By accurately monitoring the condition of the oil, suddenly occurring faults can be discovered in time and outages can potentially be avoided. Furthermore, an efficient approach to maintenance can be adopted and the optimum intervals determined for replacement. Some of the checks are relatively simple: the operation of the gas relays, the operation of the on-load tap-changer, checks on oil leaks, etc. However, breakdown of one of the most crucial elements, the oil paper insulating system, can only reliably be detected by routine oil analysis.
Information Gold Mine
By measuring the physical and chemical properties of oil, in addition to the concentrations of certain dissolved gases, a number of problem conditions associated with either the oil or the transformer can be determined.
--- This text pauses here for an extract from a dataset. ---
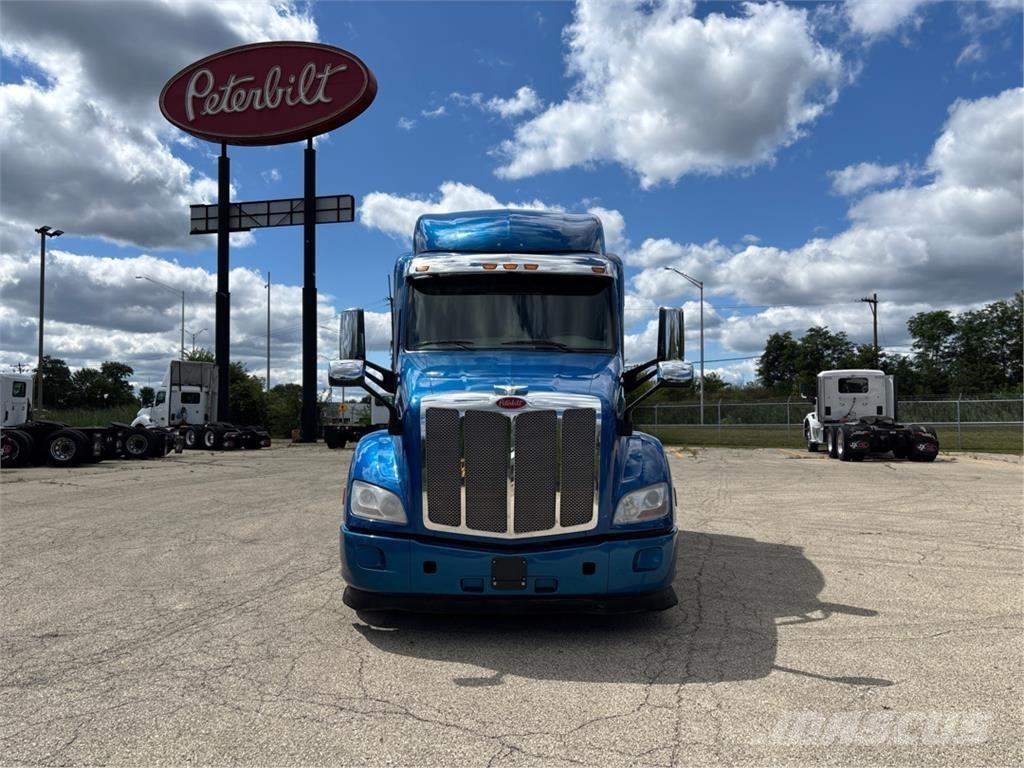 Peterbilt 579 Další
The following are some common tests performed on electrical insulating oils.
One of the most important functions of a transformer oil is to provide electrical insulation. Any increase in moisture content can reduce the insulating properties of the oil, which may result in dielectric breakdown. This is of particular importance with fluctuating temperatures because, as the transformer cools down, any dissolved water will become free, resulting in poor insulating power and fluid degradation. In addition, many transformers contain cellulose-based paper used as insulation in the windings. Again, excessive moisture content can result in the breakdown of this paper insulation with a resultant loss in performance.
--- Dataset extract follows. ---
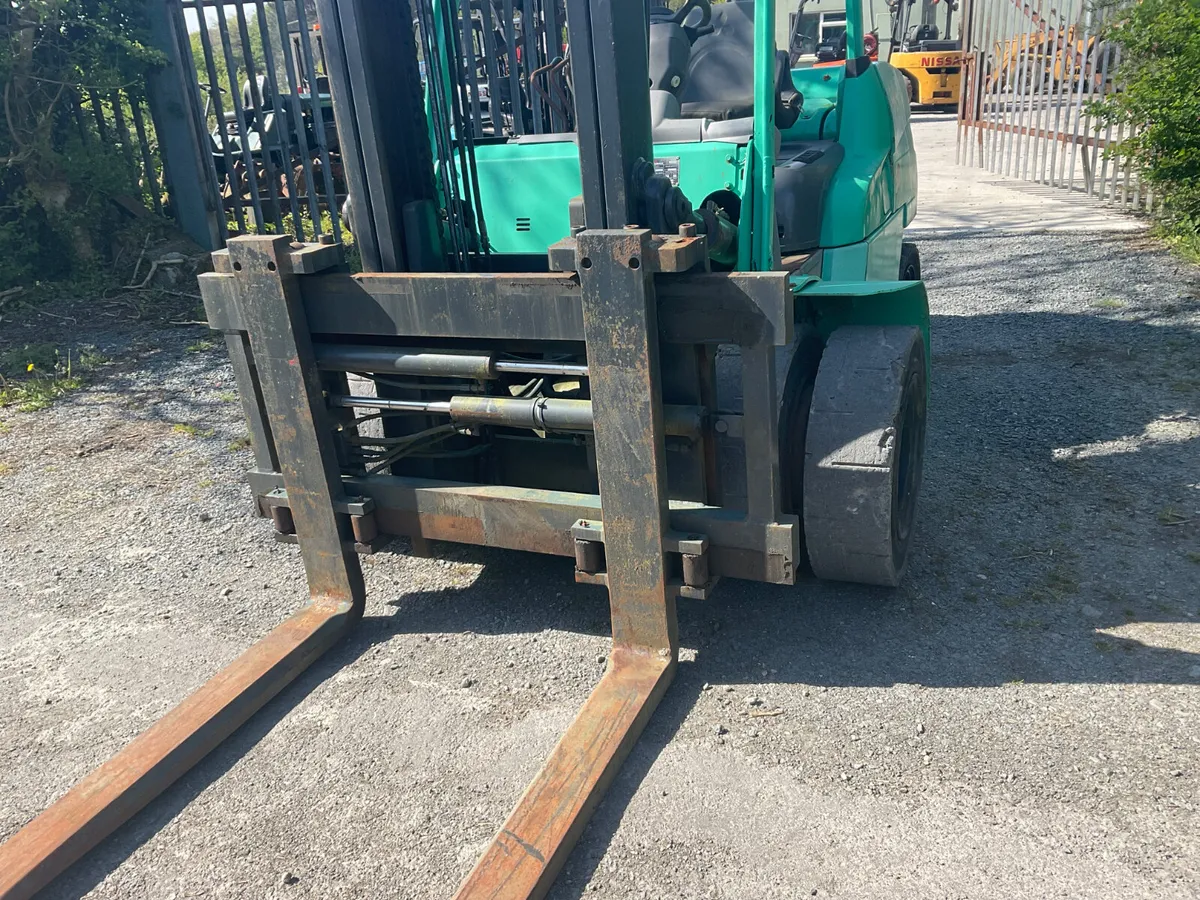 FORKLIFT - Image 2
Just like industrial oils, transformer oils are oxidized under the influence of excessive temperature and oxygen, particularly in the presence of small metal particles which act as catalysts, resulting in an increase in Acid Number, due to the formation of carboxylic acids. Further reaction can result in sludge and varnish deposits. In the worst-case scenario, the oil canals become blocked and the transformer is not cooled well, which further exacerbates oil breakdown. Furthermore, an increase in the acidity has a damaging effect on the cellulose paper.
Oil degradation also produces charged by-products, such as acids and hydroperoxides, which tend to reduce the insulating properties of the oil. An increase in Acid Number often goes hand-in-hand with a decrease in dielectric strength and increased moisture content as shown in Figure 1.
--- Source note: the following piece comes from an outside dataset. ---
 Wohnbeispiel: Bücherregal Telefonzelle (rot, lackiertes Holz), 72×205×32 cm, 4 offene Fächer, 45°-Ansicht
The dielectric strength (ASTM D300-00) of a transformer oil is defined as the maximum voltage that can be applied across the fluid without electrical breakdown. Because transformer oils are designed to provide electrical insulation under high electrical fields, any significant reduction in the dielectric strength may indicate that the oil is no longer capable of performing this vital function. Some of the things that can result in a reduction in dielectric strength include polar contaminants, such as water, oil degradation by-products and cellulose paper breakdown.
The power factor (ASTM D924) of an insulating oil is the ratio of true power to apparent power. In a transformer, a high power factor is an indication of significant power loss in the insulating oil, usually as a result of polar contaminants such as water, oxidized oil and cellulose paper degradation.
Gas Analysis (DGA)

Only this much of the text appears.